Delivering a paper titled: Sixty Years of Nigeria’s Journey To Democracy: Hopes and impediments, at recent lecture organised by the Association of Retired Career Ambassadors of Nigeria (ARCAN), Kukah reechoed the dashed hopes and expectations of Nigerians.
“ At independence, Nigerians had high hopes. We expected more than what we have now. Nigeria has never been as sad, as cynical, as divided, as frustrated as we are now. The nation is full of ethnic jingoism and cultural arrogance. Political power has been privatised along ethnic lines. Despite the fact that we gained independence without bloodshed, 60 years after, blood now flows on our streets”, he said.
Indeed, most Nigerians hold the view that six decades after independence, nothing has satisfactorily worked for them.
There are also those who argue that the fundamentals of nationhood are flawed, that Nigeria as presently constituted is not a workable union and hence, cannot deliver national security, peace, justice and development.
Even as no less a personality than the Vice President, Prof Yemi Osinbajo, recently warned of a possible break-up of Nigeria if urgent steps are not taken to nip it in bud, former president Olusegun Obasanjo and Nobel Laureate, Prof Wole Soyinka, not too long ago, took President Muhammadu Buhari to the cleaners over the state of affairs in the country.

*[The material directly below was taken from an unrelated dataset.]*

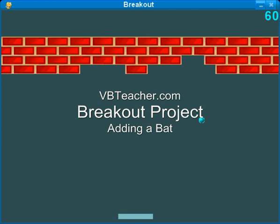Welcome back to vbteacher.com for section two of the breakout project. In this part we'll be adding a bat to the project so the ball has something to hit. We hope you're enjoying this programming fun and continue to participate in vbteacher.com. Thanks.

Blaming Buhari’s administration for mismanaging the country’s diversity and socio-economic development, Obasanjo, at a function in Abuja, said the drumbeats of hatred, disintegration and separation are being heard loud and clear almost everywhere in the country.
He said: “Nigeria is fast drifting to a failed and badly divided state; economically our country is becoming a basket case and poverty capital of the world, and secondly, we are firming up as unwholesome and insecure country.
“These manifestations are the products of recent mismanagement of diversity and socio-economic development of our country. Old fault lies that are disappearing have opened up in greater tissues and with the drums of hatred, disintegration and separation and accompanying choruses being heard loud and clear almost everywhere”.
Notwithstanding the fact that the presidency swiftly reacted to Obasanjo’s alarm dubbing him Nigeria’s divider-In-Chief, his statement cannot be easily dismissed having been a Head of State and a two-term president. If anything, since he left office on May 29,2007, he has personally held every succeeding administration to account, pointing out their perceived imperfections and failings.
While presidential spokesman, Garba Shehu said that Buhari pulled Nigeria from the brinks of failure, Information Minister, Lai Mohammed said that the country is on a journey to greatness, despite challenges.
“Nigeria today is not a failed state, but a nation that is courageously tackling its challenges and building solid infrastructure that will serve as the basis for socio-economic development; a nation that is unrelenting in battling in security and working hard to ensure greatest prosperity for the greatest number of people”, he said.
Despite that obviously incompetent presidential defense, not a few highly perceptible Nigerians believe that Obasanjo’s outburst was a distillation of the mood of the beleaguered people of Nigeria. They argue that the growing insecurity in the country, the drumbeats of disunity, and the negative and apparently cheerless statistical indicators on critical sectors of our social and economic life reinforced Obasanjo’s position and the imperative of presidential attention to the panacea offered by the statesman, especially, the implementation of report of the 2004 National Political Reform Conference.
Soyinka said that though Obasanjo, his kinsman and other past leaders were complicit in Nigeria’s deteriorating condition, his serial warnings in recent years cannot be ignored if the country must be rescued from total collapse.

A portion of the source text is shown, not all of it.